Recently, artificially structured metasurfaces have experienced a rapid development. Owing to the unique electromagnetic properties, metasurface allows for flexible manipulation of the polarization, phase, and amplitude of light, enabling many extraordinary applications such as sub‐diffraction imaging,1, 2, 3 anomalous beam deflection,4, 5, 6, 7 polarization and chirality manipulation,8, 9, 10 and exotic quantum effects.11, 12 These landmark achievements could open a door for the optical engineering at the subwavelength scale, i.e., for Engineering Optics 2.0.13 Benefiting from the spatially inhomogeneous and anisotropic building blocks and transverse gradient phase along the thin interface, metasurfaces are naturally taken as novel platforms for photonic spin–orbit interactions (SOIs).14, 15 SOIs describe the coupling between spin and orbital angular momentums of photons during the propagation of light,16 which enable numerous fundamental and applied studies, such as spin Hall effect of light (SHEL),17, 18 flat lensing,19, 20 optical holography,21, 22 vortex beam generation,23 polarization conversion, and virtual shaping.24, 25 Interestingly, asymmetric SOIs have been recently reported26, 27 and enable many multifunctional chiral devices.28 However, most existing SOI‐based devices possess a fixed functionality once fabricated, which hinder their widespread utilization in practice.

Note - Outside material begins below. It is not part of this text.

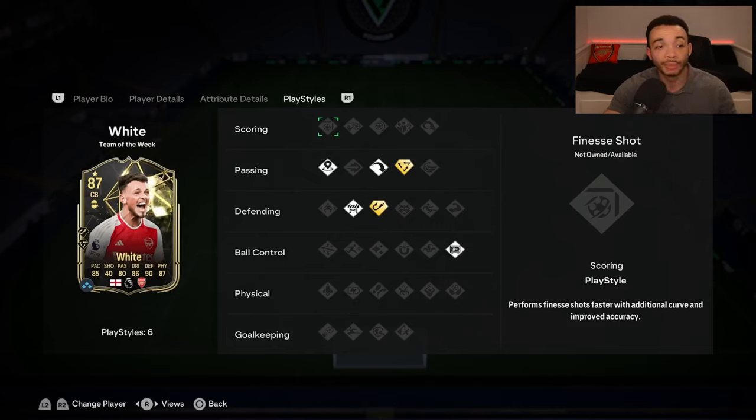Statistically he looks really good. Playstyles: he has the intercept and tiki-taka playstyle pluses. Also the incisive pass, long ball pass, block, and press proven playstyles.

Phase change material (PCM) is a promising and earth‐abundant alternative to the next‐generation nonvolatile optical devices, offering a new avenue to realize the switchable photonic devices. GeSbTe (GST) alloys as typical phase change materials have been used for many years in optical disk storage29 and been introduced to reconfigurable photonic devices recently.30, 31 GST alloys can be switched repeatedly between amorphous and crystalline states or to an intermediate state by appropriate thermal,32 optical,33, 34 or electrical stimulus.35 Additionally, such materials exhibit high refractive index contrast between amorphous and crystalline states and low losses in the near‐ and middle‐infrared spectral range. With these extraordinary properties, GST alloys are ideal materials for switchable or reconfigurable devices, such as thermal emitters,32 Fresnel zone plates,33 and absorbers.36 Recently, several works37, 38, 39 have shown great potential of GST in dynamic wavefront manipulation and provide a new way to realize switchable SOIs.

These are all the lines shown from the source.